We make it to the road and stop to rest and await a bush taxi coming from Fada. After only about 15 minutes we get lucky when one comes jostling along, honking at the people on bicycles as it passes them and then comes to a stop in front of us. Pierre, our amazing LCF, argues the price with the driver (or perhaps his assistant?) and we watch as our bikes are the first items of the day to grace the storage on the top of the van. We hop in next to a few passengers, and I take the fold down jump seat that allows the aisle of the van to be used as seating space, next to the window. Traveling by taxi brousse is unlike anything I've ever experienced before. We've agreed to take this one all the way to Ouaga, a trip that took about 2 hours by bus plus 30 minutes by bush taxi a few days ago. Today it takes over 3 hours, since we stop to allow people to get on and off in what seems like 10 minute intervals. I stare out the window, enjoying the breeze on my face from the open window and trying to ignore the feet I can see just behind my shoulder – they belong to the man sitting on the roof. For some reason we pull over and change vans, Pierre watching like the protective father we've adopted him as to make sure that all of our bags and bicycles make it over to the new one.
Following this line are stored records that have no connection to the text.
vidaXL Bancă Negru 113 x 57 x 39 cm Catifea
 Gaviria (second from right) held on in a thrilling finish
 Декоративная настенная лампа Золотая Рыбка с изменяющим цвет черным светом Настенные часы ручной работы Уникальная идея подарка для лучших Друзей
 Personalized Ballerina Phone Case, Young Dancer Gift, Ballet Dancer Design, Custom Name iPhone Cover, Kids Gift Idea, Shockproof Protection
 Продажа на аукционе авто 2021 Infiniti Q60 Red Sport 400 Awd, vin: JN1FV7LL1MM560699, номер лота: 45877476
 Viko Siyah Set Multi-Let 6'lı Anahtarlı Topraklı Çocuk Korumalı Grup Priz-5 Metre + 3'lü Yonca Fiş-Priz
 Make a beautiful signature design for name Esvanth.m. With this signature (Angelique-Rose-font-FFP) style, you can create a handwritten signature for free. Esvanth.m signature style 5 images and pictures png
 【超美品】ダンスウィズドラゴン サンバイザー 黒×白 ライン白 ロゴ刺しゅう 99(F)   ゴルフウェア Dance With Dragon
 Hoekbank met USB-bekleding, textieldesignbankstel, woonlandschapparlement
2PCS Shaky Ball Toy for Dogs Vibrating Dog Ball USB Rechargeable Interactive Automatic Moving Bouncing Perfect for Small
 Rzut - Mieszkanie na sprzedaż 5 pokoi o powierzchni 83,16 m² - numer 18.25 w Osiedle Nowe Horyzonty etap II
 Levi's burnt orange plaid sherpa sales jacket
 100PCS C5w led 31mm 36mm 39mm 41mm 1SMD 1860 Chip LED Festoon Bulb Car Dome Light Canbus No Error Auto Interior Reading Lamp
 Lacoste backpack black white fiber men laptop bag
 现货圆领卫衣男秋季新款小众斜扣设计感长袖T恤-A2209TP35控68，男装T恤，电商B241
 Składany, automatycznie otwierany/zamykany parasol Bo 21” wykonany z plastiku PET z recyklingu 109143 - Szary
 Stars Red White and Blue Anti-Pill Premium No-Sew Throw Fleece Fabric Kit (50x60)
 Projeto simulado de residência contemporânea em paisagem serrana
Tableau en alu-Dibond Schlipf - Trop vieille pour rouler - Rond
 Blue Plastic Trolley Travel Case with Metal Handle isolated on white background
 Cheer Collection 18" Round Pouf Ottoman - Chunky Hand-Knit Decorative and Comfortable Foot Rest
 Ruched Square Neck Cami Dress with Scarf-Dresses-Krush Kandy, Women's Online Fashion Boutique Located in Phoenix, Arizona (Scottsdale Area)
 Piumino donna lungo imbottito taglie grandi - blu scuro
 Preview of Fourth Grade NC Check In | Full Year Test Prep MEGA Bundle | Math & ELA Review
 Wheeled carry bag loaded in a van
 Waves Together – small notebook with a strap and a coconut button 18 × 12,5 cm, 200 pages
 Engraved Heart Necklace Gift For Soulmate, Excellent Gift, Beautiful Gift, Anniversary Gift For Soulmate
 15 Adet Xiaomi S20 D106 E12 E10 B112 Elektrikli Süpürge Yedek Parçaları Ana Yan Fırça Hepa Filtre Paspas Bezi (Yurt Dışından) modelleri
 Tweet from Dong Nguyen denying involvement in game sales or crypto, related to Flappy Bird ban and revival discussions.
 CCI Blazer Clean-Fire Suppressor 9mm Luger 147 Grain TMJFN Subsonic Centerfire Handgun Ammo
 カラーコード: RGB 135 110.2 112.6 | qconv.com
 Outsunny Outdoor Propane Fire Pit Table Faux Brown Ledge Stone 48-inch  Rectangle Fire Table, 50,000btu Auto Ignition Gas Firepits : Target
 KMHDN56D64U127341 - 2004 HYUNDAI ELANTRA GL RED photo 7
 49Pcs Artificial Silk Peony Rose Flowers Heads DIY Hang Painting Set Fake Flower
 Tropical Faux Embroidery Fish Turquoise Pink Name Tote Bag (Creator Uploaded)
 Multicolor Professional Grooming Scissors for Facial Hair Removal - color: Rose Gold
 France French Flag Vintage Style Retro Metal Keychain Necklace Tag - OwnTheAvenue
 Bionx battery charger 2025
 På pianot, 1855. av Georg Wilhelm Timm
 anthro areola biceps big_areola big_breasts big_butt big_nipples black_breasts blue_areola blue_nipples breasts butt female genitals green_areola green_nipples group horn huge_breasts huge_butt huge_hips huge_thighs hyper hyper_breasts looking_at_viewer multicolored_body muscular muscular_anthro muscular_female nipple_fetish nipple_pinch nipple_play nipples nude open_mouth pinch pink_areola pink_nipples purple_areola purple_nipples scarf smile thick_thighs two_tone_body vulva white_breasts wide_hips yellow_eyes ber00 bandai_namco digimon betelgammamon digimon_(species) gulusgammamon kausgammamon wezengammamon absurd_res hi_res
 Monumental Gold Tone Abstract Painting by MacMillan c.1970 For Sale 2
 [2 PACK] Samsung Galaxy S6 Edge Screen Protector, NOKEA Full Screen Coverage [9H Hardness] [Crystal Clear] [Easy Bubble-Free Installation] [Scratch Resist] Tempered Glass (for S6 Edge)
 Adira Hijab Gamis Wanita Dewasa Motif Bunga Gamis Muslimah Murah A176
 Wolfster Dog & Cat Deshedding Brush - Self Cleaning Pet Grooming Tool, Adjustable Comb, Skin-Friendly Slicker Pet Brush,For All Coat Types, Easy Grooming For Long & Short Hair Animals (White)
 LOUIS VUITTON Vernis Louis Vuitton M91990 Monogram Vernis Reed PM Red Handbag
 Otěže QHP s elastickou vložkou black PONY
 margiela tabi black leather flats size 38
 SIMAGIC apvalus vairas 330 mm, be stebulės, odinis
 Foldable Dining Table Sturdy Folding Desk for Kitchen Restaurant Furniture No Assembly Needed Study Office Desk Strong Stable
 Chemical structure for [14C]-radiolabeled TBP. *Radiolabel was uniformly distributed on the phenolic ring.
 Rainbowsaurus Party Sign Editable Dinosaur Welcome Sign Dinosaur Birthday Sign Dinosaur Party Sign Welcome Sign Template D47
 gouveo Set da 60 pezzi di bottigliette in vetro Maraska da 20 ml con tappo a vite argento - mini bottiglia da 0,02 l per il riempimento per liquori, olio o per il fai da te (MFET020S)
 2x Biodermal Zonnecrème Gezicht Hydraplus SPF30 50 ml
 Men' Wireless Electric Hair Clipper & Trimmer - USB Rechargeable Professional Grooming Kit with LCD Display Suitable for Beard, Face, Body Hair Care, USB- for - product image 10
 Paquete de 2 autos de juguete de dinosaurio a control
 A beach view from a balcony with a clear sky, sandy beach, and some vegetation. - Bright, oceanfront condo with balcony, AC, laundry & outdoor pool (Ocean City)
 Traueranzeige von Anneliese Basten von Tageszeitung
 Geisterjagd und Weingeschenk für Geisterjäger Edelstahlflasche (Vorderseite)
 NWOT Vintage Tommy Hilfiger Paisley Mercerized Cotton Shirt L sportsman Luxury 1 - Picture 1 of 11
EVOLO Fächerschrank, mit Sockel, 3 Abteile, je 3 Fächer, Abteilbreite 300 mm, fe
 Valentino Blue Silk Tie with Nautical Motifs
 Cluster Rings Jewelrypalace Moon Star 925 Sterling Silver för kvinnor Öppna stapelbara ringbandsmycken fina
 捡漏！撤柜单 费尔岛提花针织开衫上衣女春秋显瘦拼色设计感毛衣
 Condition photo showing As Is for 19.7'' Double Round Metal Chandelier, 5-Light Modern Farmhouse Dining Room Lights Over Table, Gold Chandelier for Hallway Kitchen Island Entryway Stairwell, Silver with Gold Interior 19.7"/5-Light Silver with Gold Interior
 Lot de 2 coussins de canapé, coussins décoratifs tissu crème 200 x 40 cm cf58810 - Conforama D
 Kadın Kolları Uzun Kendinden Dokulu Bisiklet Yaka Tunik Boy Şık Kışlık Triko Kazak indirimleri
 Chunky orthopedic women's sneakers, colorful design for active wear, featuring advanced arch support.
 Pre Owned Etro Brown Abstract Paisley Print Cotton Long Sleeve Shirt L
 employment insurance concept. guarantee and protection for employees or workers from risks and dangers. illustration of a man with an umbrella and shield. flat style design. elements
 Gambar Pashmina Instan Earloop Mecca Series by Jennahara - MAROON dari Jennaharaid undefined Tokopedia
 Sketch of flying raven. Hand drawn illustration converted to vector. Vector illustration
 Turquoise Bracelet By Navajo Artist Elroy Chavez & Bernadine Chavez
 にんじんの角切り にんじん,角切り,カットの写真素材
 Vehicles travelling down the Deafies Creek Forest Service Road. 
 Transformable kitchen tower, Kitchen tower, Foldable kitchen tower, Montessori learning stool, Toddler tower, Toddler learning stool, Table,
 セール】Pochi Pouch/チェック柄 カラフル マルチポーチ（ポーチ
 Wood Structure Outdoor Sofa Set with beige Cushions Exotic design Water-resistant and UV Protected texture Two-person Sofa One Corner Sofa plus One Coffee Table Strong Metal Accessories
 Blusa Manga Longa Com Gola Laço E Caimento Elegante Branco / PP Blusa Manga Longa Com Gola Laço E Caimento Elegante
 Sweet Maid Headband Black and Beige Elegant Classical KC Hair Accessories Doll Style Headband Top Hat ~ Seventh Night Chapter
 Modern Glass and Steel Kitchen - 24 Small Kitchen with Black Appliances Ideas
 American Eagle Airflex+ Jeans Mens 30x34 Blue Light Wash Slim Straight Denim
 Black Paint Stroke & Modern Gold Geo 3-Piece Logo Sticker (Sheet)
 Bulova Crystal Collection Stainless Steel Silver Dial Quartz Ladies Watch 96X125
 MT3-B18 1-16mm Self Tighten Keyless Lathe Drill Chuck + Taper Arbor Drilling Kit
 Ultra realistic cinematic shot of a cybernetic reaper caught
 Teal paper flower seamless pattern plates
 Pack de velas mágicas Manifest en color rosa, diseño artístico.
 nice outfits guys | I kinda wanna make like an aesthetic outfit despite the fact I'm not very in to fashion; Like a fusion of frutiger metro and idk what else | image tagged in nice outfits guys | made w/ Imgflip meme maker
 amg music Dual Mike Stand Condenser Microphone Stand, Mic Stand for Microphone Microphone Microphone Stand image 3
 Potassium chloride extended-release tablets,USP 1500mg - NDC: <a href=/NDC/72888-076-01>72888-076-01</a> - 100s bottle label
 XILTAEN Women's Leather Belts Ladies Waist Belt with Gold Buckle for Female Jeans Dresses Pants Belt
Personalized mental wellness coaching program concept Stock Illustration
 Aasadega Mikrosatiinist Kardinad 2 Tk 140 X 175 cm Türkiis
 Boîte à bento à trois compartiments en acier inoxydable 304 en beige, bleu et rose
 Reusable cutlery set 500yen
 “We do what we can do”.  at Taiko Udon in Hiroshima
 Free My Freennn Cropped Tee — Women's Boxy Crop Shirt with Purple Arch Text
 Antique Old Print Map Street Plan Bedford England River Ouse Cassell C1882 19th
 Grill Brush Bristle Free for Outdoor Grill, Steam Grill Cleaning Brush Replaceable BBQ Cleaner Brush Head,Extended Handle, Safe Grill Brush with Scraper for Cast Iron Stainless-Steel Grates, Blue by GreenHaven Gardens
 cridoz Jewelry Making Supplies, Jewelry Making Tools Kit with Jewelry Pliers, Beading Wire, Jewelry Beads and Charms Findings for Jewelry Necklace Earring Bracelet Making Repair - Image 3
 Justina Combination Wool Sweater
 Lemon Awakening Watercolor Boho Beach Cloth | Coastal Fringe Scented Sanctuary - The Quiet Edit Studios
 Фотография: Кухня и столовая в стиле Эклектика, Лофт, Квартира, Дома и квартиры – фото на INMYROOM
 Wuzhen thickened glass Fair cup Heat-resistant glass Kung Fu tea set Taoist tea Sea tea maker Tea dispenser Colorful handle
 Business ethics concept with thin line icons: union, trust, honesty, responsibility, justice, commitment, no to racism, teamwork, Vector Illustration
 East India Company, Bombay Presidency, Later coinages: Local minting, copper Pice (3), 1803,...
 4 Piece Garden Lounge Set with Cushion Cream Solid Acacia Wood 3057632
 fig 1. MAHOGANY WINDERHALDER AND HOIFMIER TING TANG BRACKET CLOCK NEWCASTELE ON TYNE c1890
In the new van I find myself squished into the very back corner, straddling my feet around the tire well, the spare tire, and the support post for the seat in front of me. It's very hot, and my tailbone and sit-bones seem to dig into the hard seat no matter how I position myself. I try to sleep, blocking out discomfort with welcome oblivion, but it's hard and I wake up when we stop. I finally manage to open my window a few inches to let in a wonderful breeze, but soon realize my mistake because now when we stop the vendors that mob the van now have direct access to me. Every place we stop sells essentially the same things – bags of small fried gateaus, loaves of bread – 6 narrow or 2 large per bag, bags of oranges or tomatoes, sachets of cold water that you drink by biting off the corner, vacuum sealed bags of what I think is dried and spiced fish, or packets of sesame cookies. In the bigger bus stops you also have vendors pushing comic books, donated novels from the US with outdated, tattered covers, personal tissue packets, and giant tubs of plastic toys. We're all pretty hungry, but to say yes to one seems to be inviting the hoard, so we ignore the insistent hands and hope that the van re-starts soon. At highest count we have 23 people (including infants) in our van meant for 12 comfortable passengers or maybe 18 if we're all skinny and overload each row plus have a few people sitting backwards on a bench behind the driver's compartment. Plus a chicken, trussed up but still alive, blessedly quiet for most of the ride. It could have been worse – sometimes people bring a sheep.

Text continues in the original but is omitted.